Hello all,
This might have been fixed in later versions (I am using R1.7.0), r-help
archive contains messages reporting similar problems but no reports of
codes fixes. I have encountered a couple of problems using the
silhouette function. one occurs when the clustering contains clusters
composed of 1 element (Martin Maechler posted code few months ago that
fixes a similar problem that occurs when clusters have only 2 elements
but not the case with 1 element). the other problem is due to
silhouette's assumption that the clusters are numbered sequentially
starting at 1. one of the clustering programs I use (snob) assigns more
or less arbitrary integer ids to clusters starting from 3! (clusters 1
and 2 have special meaning in snob). the modified code fixing both
problems is included below, changes are commented.
best
Murad
silhouette.default <-
function (x, dist, dmatrix, ...)
{
cll <- match.call()
if (!is.null(cl <- x$clustering))
x <- cl
n <- length(x)
if (!all(x == round(x)))
stop("`x' must only have integer codes")
k <- length(clid <- sort(unique(x)))
if (k <= 1 || k >= n)
return(NA)
if (missing(dist)) {
if (missing(dmatrix))
stop("Need either a dissimilarity `dist' or diss.matrix
`dmatrix'")
if (is.null(dm <- dim(dmatrix)) || length(dm) != 2 ||
!all(n == dm))
stop("`dmatrix' is not a dissimilarity matrix compatible to
`x'")
}
else {
dist <- as.dist(dist)
if (n != attr(dist, "Size"))
stop("clustering `x' and dissimilarity `dist' are
incompatible")
dmatrix <- as.matrix(dist)
}
wds <- matrix(NA, n, 3, dimnames = list(names(x), c("cluster",
"neighbor", "sil_width")))
for (j in 1:k) {
Nj <- sum(iC <- x == clid[j])
#
# the following line changed from wds[iC, "cluster"] <- j
#
wds[iC, "cluster"] <- clid[j]
a.i <- if (Nj > 1)
colSums(dmatrix[iC, iC])/(Nj - 1)
else 0
#
# the following line changed from
# diC <- rbind(apply(dmatrix[!iC, iC], 2, function(r) tapply(r,
# x[!iC], mean)))
#
diC <- rbind(apply(cbind(dmatrix[!iC, iC]), 2, function(r)
tapply(r,
x[!iC], mean)))
minC <- max.col(-t(diC))
wds[iC, "neighbor"] <- clid[-j][minC]
#
# the following line changed from
# b.i <- diC[cbind(minC, seq(minC))]
#
b.i <- diC[cbind(minC, seq(along=minC))]
s.i <- (b.i - a.i)/pmax(b.i, a.i)
wds[iC, "sil_width"] <- s.i
}
attr(wds, "Ordered") <- FALSE
attr(wds, "call") <- cll
class(wds) <- "silhouette"
wds
}
Murad Nayal M.D. Ph.D.
Department of Biochemistry and Molecular Biophysics
College of Physicians and Surgeons of Columbia University
630 West 168th Street. New York, NY 10032
Tel: 212-305-6884 Fax: 212-305-6926
"Murad" == Murad Nayal <mn216 at columbia.edu>
on Wed, 21 Jan 2004 15:19:28 -0500 writes:
Murad> This might have been fixed in later versions (I am
Murad> using R1.7.0),
yes, the bug has been fixed "long ago",
from my ChangeLog (!), it was 2003-07-18.

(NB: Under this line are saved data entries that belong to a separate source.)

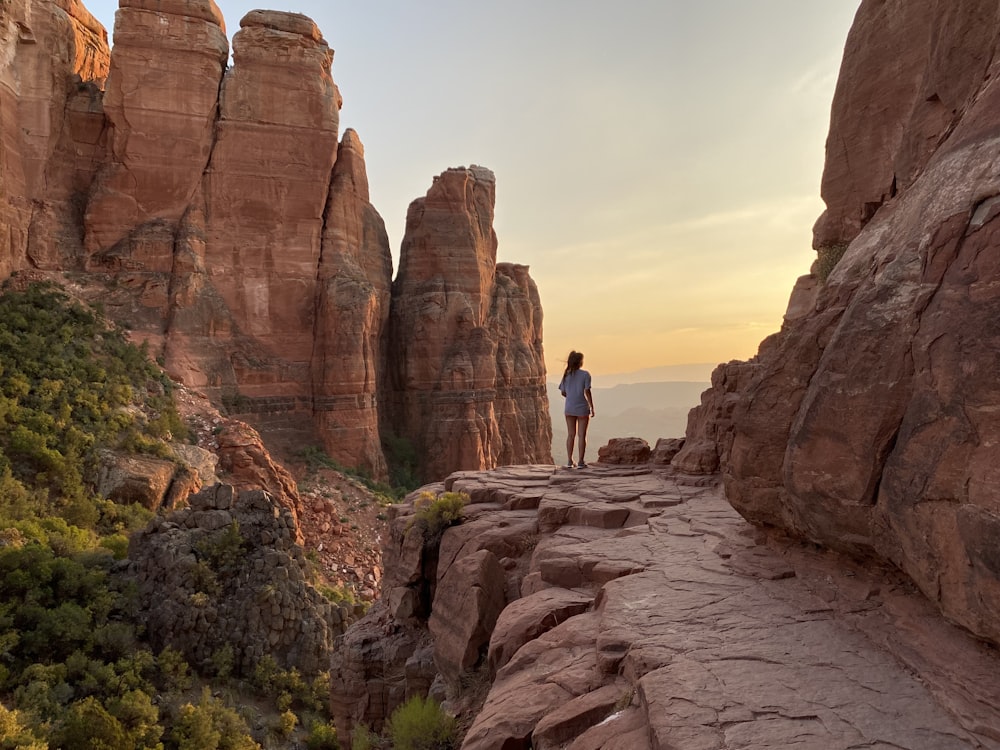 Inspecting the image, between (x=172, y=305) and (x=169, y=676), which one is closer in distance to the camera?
(x=169, y=676)

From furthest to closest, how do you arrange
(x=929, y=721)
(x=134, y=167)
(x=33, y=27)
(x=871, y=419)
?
(x=134, y=167)
(x=33, y=27)
(x=871, y=419)
(x=929, y=721)

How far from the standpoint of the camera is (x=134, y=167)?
23.2m

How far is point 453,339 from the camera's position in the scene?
31703 millimetres

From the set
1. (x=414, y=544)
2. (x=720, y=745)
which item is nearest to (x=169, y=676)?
(x=414, y=544)

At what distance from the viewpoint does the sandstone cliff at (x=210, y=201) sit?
72.9 feet

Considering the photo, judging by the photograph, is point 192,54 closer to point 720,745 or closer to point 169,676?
point 169,676

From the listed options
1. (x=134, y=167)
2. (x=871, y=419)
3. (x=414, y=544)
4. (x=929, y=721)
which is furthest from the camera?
(x=134, y=167)

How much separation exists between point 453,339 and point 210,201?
13.4m

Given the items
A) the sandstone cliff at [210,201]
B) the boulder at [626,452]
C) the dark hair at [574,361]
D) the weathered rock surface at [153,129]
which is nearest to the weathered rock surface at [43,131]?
the sandstone cliff at [210,201]

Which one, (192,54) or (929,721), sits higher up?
(192,54)

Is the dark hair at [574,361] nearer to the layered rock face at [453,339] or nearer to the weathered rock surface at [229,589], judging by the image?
the weathered rock surface at [229,589]

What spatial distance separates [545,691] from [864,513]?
246cm

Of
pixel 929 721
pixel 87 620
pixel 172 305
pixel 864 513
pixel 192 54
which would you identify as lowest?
pixel 87 620

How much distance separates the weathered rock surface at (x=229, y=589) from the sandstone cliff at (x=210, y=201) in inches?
390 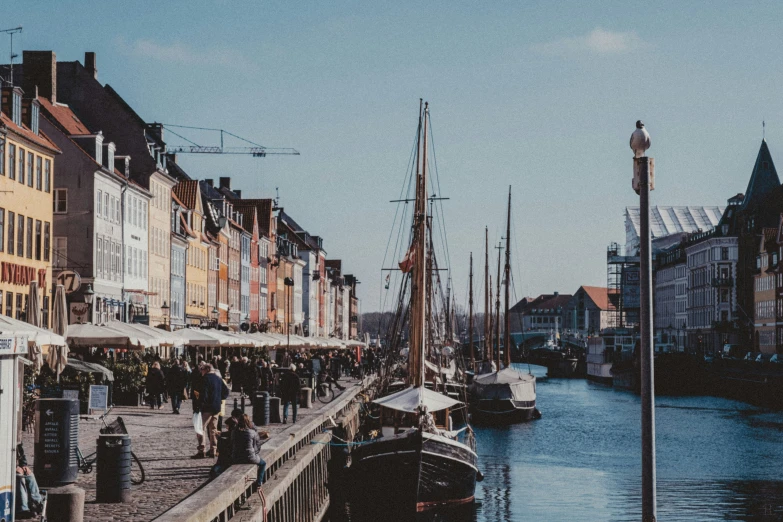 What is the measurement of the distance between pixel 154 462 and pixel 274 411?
12851 mm

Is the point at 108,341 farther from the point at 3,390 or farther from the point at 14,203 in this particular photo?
the point at 3,390

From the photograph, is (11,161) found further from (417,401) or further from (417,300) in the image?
(417,401)

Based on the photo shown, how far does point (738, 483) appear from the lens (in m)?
43.8

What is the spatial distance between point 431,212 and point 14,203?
756 inches

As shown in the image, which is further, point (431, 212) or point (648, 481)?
point (431, 212)

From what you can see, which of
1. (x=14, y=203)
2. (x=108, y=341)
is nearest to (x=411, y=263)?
(x=108, y=341)

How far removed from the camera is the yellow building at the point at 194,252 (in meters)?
95.8

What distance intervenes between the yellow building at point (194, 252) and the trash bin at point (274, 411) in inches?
2200

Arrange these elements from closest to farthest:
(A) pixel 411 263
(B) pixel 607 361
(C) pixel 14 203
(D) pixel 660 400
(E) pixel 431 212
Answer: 1. (A) pixel 411 263
2. (C) pixel 14 203
3. (E) pixel 431 212
4. (D) pixel 660 400
5. (B) pixel 607 361

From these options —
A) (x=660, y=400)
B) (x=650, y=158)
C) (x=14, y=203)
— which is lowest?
(x=660, y=400)

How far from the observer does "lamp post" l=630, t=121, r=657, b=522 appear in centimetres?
1403

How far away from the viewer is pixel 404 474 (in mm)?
31672

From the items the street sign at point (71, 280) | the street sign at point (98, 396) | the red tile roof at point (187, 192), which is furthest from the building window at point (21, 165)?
the red tile roof at point (187, 192)

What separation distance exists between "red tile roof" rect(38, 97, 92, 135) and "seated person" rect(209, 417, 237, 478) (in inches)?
1830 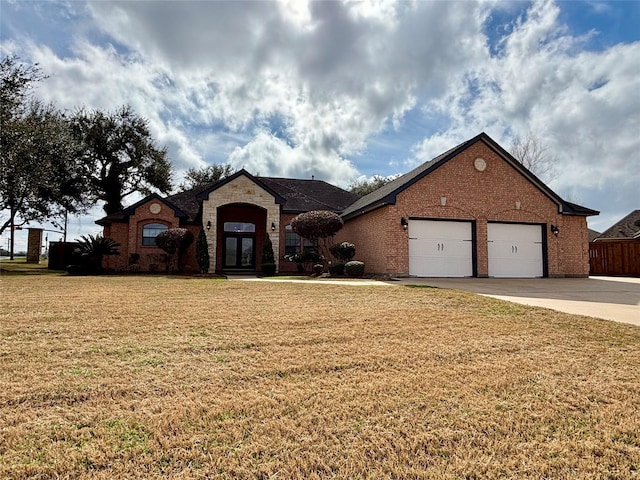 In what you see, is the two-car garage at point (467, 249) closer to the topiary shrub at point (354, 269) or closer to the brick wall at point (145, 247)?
the topiary shrub at point (354, 269)

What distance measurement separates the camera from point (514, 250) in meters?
16.1

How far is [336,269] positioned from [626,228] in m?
22.3

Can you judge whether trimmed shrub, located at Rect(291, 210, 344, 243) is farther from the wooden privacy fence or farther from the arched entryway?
the wooden privacy fence

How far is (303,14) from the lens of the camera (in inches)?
435

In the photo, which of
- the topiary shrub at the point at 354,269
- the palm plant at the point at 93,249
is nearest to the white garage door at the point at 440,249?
the topiary shrub at the point at 354,269

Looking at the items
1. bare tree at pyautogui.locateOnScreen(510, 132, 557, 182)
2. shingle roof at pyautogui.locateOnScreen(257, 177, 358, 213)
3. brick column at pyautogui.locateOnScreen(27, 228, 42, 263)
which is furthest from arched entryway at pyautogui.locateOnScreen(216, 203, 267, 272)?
bare tree at pyautogui.locateOnScreen(510, 132, 557, 182)

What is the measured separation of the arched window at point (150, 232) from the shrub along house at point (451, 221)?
2.1 inches

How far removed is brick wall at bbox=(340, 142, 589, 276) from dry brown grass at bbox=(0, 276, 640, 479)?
9.09 metres

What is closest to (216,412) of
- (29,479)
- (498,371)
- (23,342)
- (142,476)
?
(142,476)

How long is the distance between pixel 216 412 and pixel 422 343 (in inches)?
110

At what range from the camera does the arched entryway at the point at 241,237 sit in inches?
815

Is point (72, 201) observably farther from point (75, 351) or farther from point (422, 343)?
point (422, 343)

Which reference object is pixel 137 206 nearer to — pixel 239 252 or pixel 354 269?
pixel 239 252

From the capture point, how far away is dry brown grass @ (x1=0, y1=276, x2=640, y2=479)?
2.20m
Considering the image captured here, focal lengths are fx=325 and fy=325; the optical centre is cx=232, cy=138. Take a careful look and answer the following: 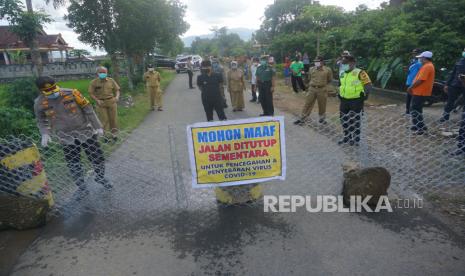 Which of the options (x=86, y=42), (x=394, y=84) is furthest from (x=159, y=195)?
(x=86, y=42)

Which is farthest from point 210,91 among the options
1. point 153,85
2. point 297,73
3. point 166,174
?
point 297,73

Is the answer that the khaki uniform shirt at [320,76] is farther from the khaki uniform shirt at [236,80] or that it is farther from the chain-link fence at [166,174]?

Murad> r-help archive contains messages reporting similar
Murad> problems but no reports of codes fixes. I have
Murad> encountered a couple of problems using the silhouette
Murad> function. one occurs when the clustering contains
Murad> clusters composed of 1 element (Martin Maechler
Murad> posted code few months ago that fixes a similar
Murad> problem that occurs when clusters have only 2
Murad> elements but not the case with 1 element). the other
Murad> problem is due to silhouette's assumption that the
Murad> clusters are numbered sequentially starting at 1.
which is what ?silhouette tells you as well:
Arguments:
x: an object of appropriate class; for the 'default' method an
integer vector with cluster codes in '1:k' or a list with
such an 'x$clustering' component.
So, definitely not a bug,
but it's your problem of using silhouette() on an object that is
not of appropriate structure.
Murad> one of the clustering programs I use (snob) assigns
Murad> more or less arbitrary integer ids to clusters
Murad> starting from 3! (clusters 1 and 2 have special
Murad> meaning in snob). the modified code fixing both
Murad> problems is included below, changes are commented.
Thank you for the good attempt,
but really you should work from the source where
silhouette.default does also contain comments, and as said, has
long been fixed for the case of 1-element clusters
{a better fix is not to use cbind() but to use the ominous
", drop = FALSE" when subsetting matrices!}
I'm still willing to consider your *feature request* (as opposed
to bug fix) of allowing inputs where the grouping vector does
contain other than "1:g" .
I'll send you the current source of silhouette.default in a
private mail.
Thanks for your collaboration on improving R!
Regards,
Martin Maechler <maechler at stat.math.ethz.ch> http://stat.ethz.ch/~maechler/
Seminar fuer Statistik, ETH-Zentrum LEO C16 Leonhardstr. 27
ETH (Federal Inst. Technology) 8092 Zurich SWITZERLAND
phone: x-41-1-632-3408 fax: ...-1228 <><
"Murad" == Murad Nayal <mn216 at columbia.edu>
on Wed, 21 Jan 2004 15:19:28 -0500 writes:
Murad> This might have been fixed in later versions (I am
Murad> using R1.7.0),
yes, the bug has been fixed "long ago",
from my ChangeLog (!), it was 2003-07-18.
sorry about that. I have been reluctant to upgrade recently for fear of
disrupting my environment while in the middle of a project. as I
mentioned I searched the archive and found posts citing this problem but
no replies stating that it has been fixed (the Nj=1 case).
I'm still willing to consider your *feature request* (as opposed
to bug fix) of allowing inputs where the grouping vector does
contain other than "1:g" .
that would be great. it is straightforward to do and will broaden the
utility of silhouette. I'll send you the suggested patch privately.
best regards,
Murad